For this exercise, repeat exactly the lines below starting at the line holding "Used 1998 Chevrolet" and ending at the line holding "成奎安孙子成俊贤车祸去世，导致车祸的起因是什么？", both included, with no extra lines and no pictures.

**Input material:**
........
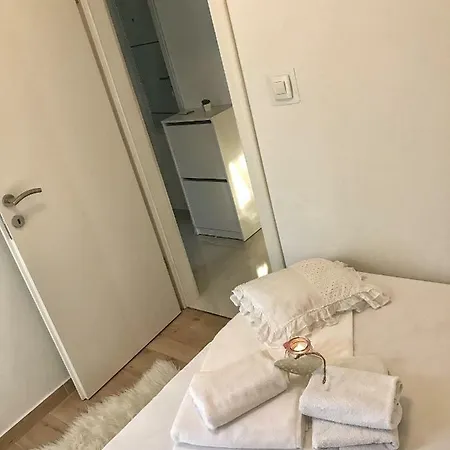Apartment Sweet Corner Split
........
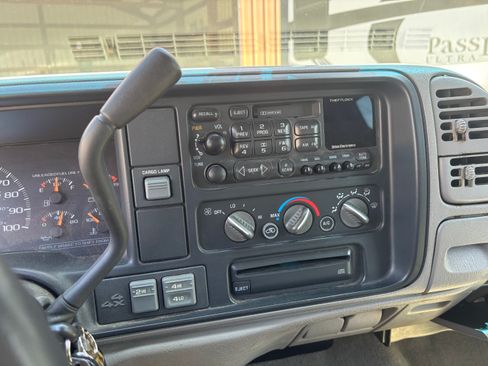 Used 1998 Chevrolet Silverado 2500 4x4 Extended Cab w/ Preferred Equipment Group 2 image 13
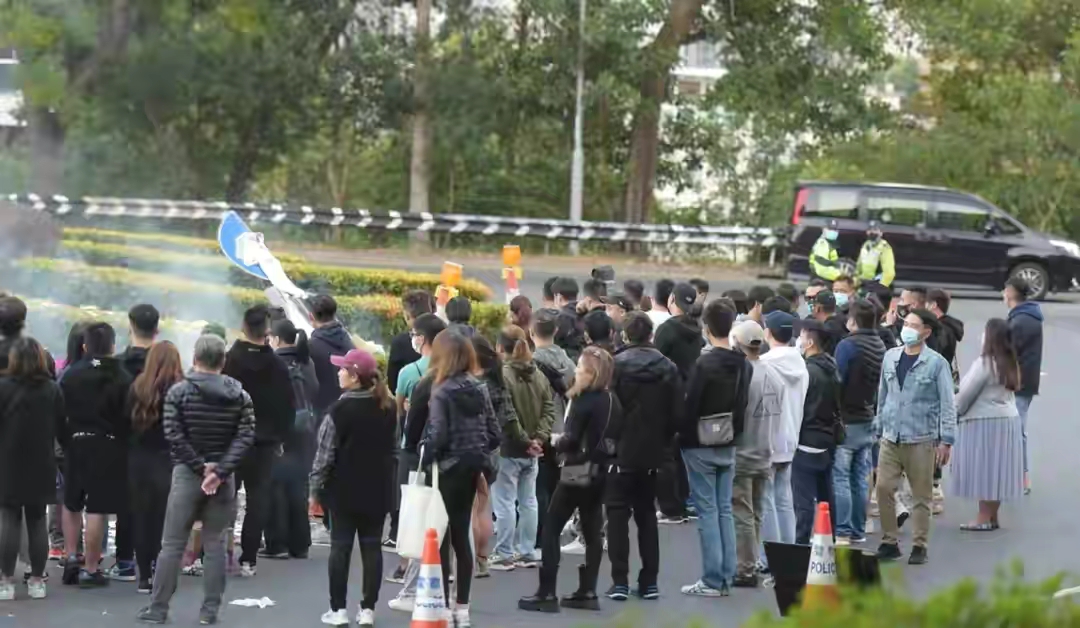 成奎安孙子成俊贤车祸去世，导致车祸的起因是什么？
........
**Solved exercise:**
 Used 1998 Chevrolet Silverado 2500 4x4 Extended Cab w/ Preferred Equipment Group 2 image 13
 成奎安孙子成俊贤车祸去世，导致车祸的起因是什么？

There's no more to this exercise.